Tag Archives: vulnerability

Progress in exploitation of Remote Code Execution – Windows TCP/IP IPv6 (CVE-2024-38063)

Leave a reply

Progress in exploitation of Remote Code Execution - Windows TCP/IP IPv6 (CVE-2024-38063)

Progress in exploitation of Remote Code Execution – Windows TCP/IP IPv6 (CVE-2024-38063). The vulnerability is from the August Patch Tuesday. 2 weeks ago I already wrote why it is potentially dangerous. Now the danger has increased significantly:

🔻 On August 24, a PoC of the exploit appeared on GitHub. There is a video with the launch of a small python script (39 lines), causing Windows to crash with the error “KERNEL SECURITY CHECK FAILURE”. Looks more like DoS than RCE. But this is only for now.

🔻 Well-known researcher Marcus Hutchins posted a blog post titled “CVE-2024-38063 – Remotely Exploiting The Kernel Via IPv6“. It describes the technical details of exploiting the vulnerability.

The probability that the vulnerability will be exploited in the wild has increased significantly.

❗️ Check if the vulnerability is patched or increase the priority of the fix if it is not yet.

На русском

A couple of interesting details about Unauthenticated Elevation of Privilege – WordPress LiteSpeed ​​Cache Plugin (CVE-2024-28000)

Leave a reply

A couple of interesting details about Unauthenticated Elevation of Privilege - WordPress LiteSpeed ​​Cache Plugin (CVE-2024-28000)

A couple of interesting details about Unauthenticated Elevation of Privilege – WordPress LiteSpeed ​​Cache Plugin (CVE-2024-28000).

🔹 The vulnerability was found by researcher John Blackbourn. He submitted it through the bug bounty program and received $14,400. 👏

🔹 The vulnerability cannot be exploited on Windows installations, because the function that is needed to generate the hash does not work on Windows. This is what researchers write in the write-up. However, they do not write how this plugin works on Windows installations and whether it works at all. 🤔 But if the plugin works and the vulnerability cannot be exploited, then it turns out that sometimes it is not such a strange idea to use Windows instead of Linux as a hosting OS for websites. 🙃

На русском

Unauthenticated Elevation of Privilege – WordPress LiteSpeed Cache Plugin (CVE-2024-28000)

Leave a reply

Unauthenticated Elevation of Privilege - WordPress LiteSpeed Cache Plugin (CVE-2024-28000)

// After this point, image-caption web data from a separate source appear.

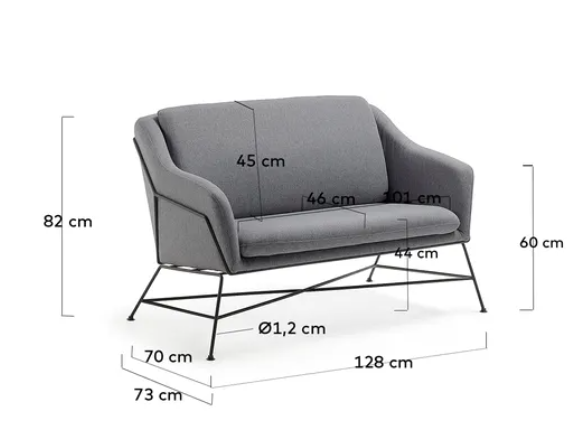 Sofá Musa 2 plazas tapizado grafito 128 cm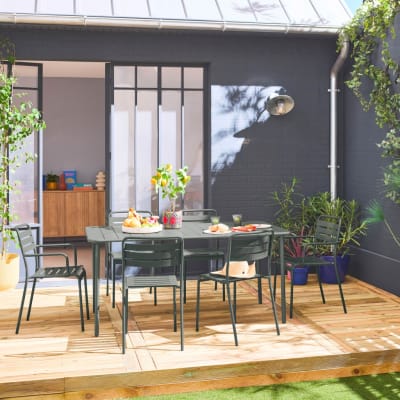 Table de jardin métal 2 fauteuils 4 chaises kaki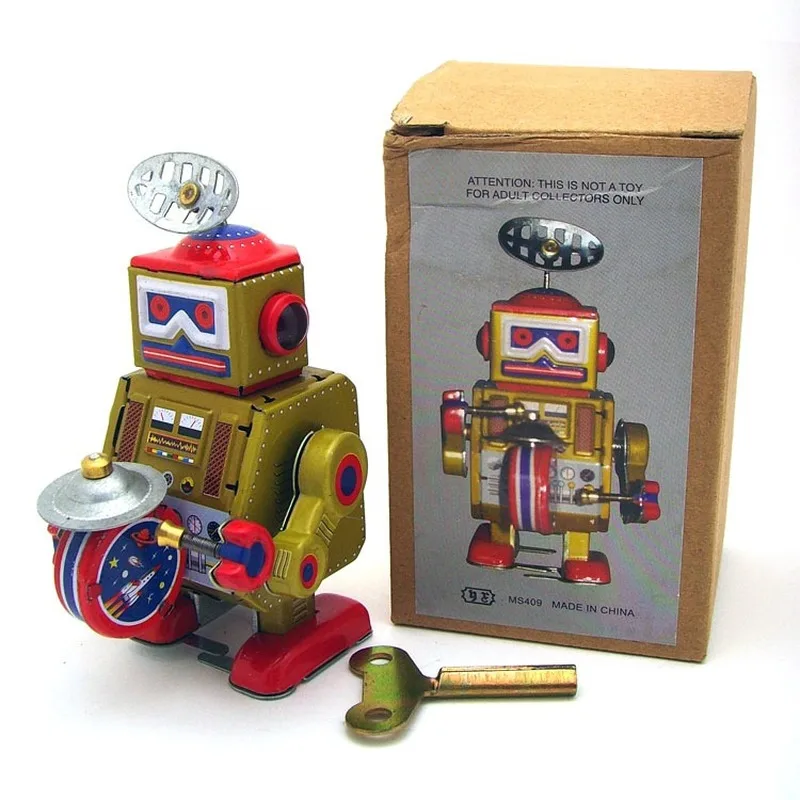 1 шт./коркорт. Жестяной металлический Заводной Робот Tintoy коллекционная игрушка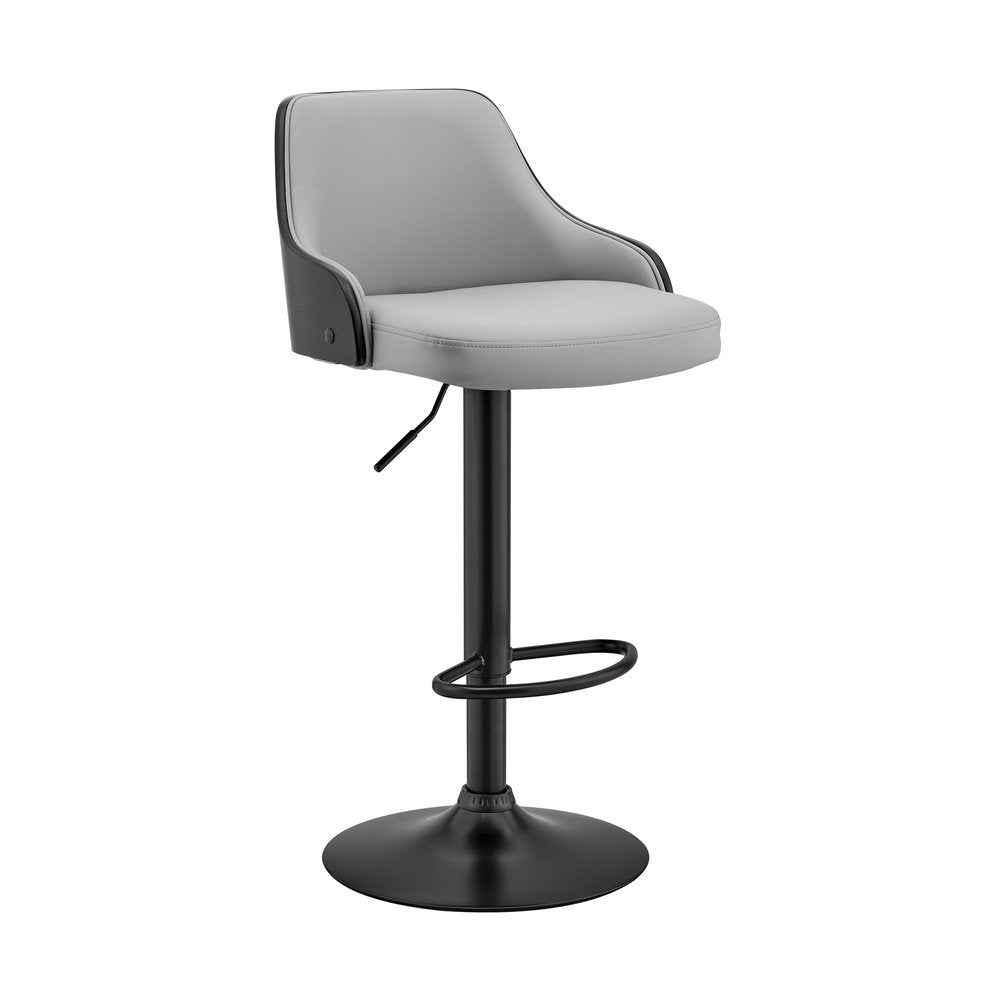 Gray And Black Fabric And Iron Adjustable Height Swivel Bar Chair HomeRoots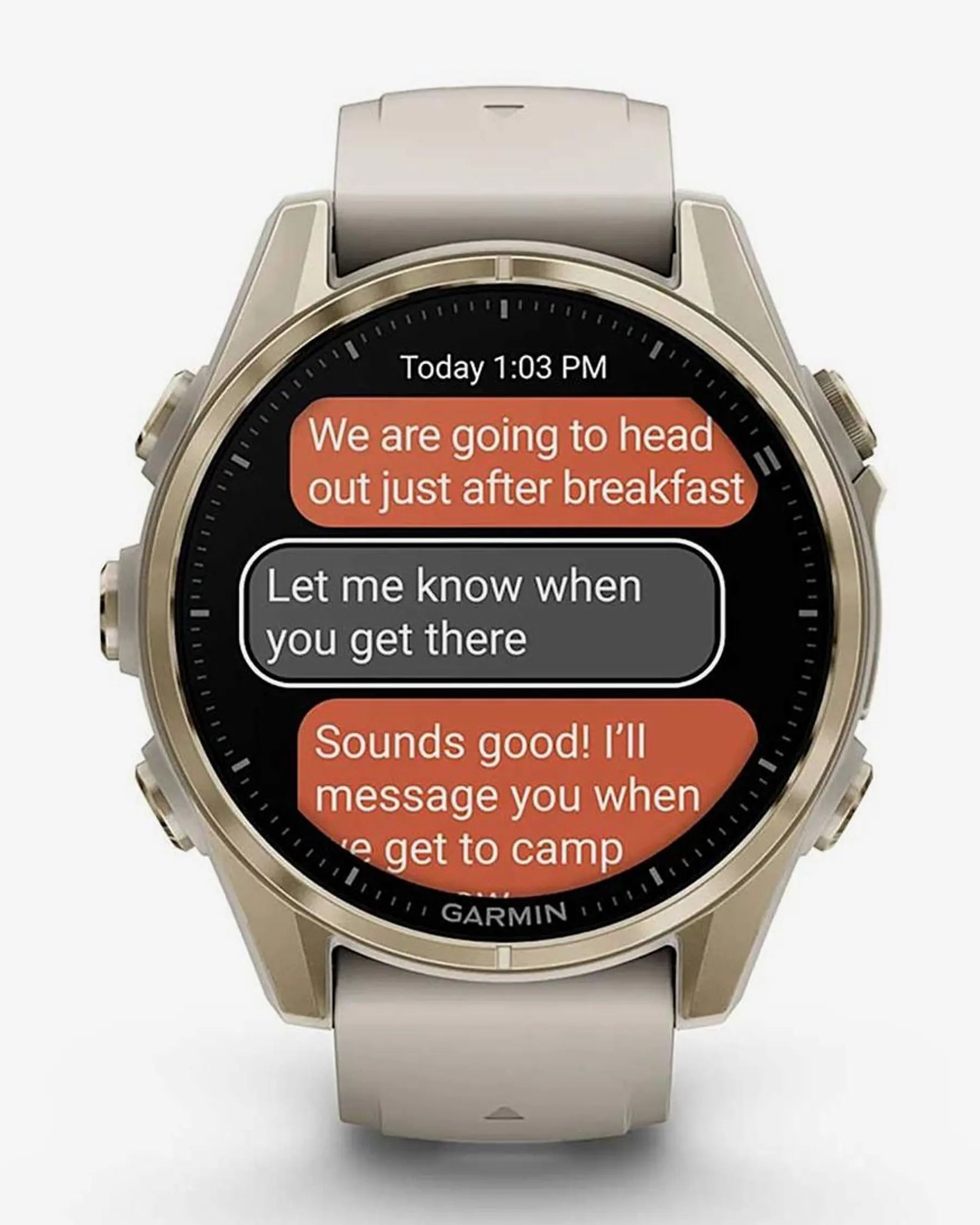 Garmin Fenix 8 AMOLED Zafiro 43 mm dorado correa beige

Unauthenticated Elevation of Privilege – WordPress LiteSpeed Cache Plugin (CVE-2024-28000).

🔹 WordPress is a popular open source CMS (835 million websites) that supports third-party plugins.

🔹 LiteSpeed Cache is one such plugin. It increases the loading speed of website pages by caching them. The free version is used on 5 million websites.

On August 13, a critical vulnerability of this plugin was released. A remote unauthenticated attacker can obtain administrator rights. 😱 According to the write-up, the attacker brute-forces the hash used for authentication. This hash is generated insecurely, so there are only a million of its possible values. If you make 3 requests to the website per second, then brute-force and obtaining admin rights takes from several hours to a week.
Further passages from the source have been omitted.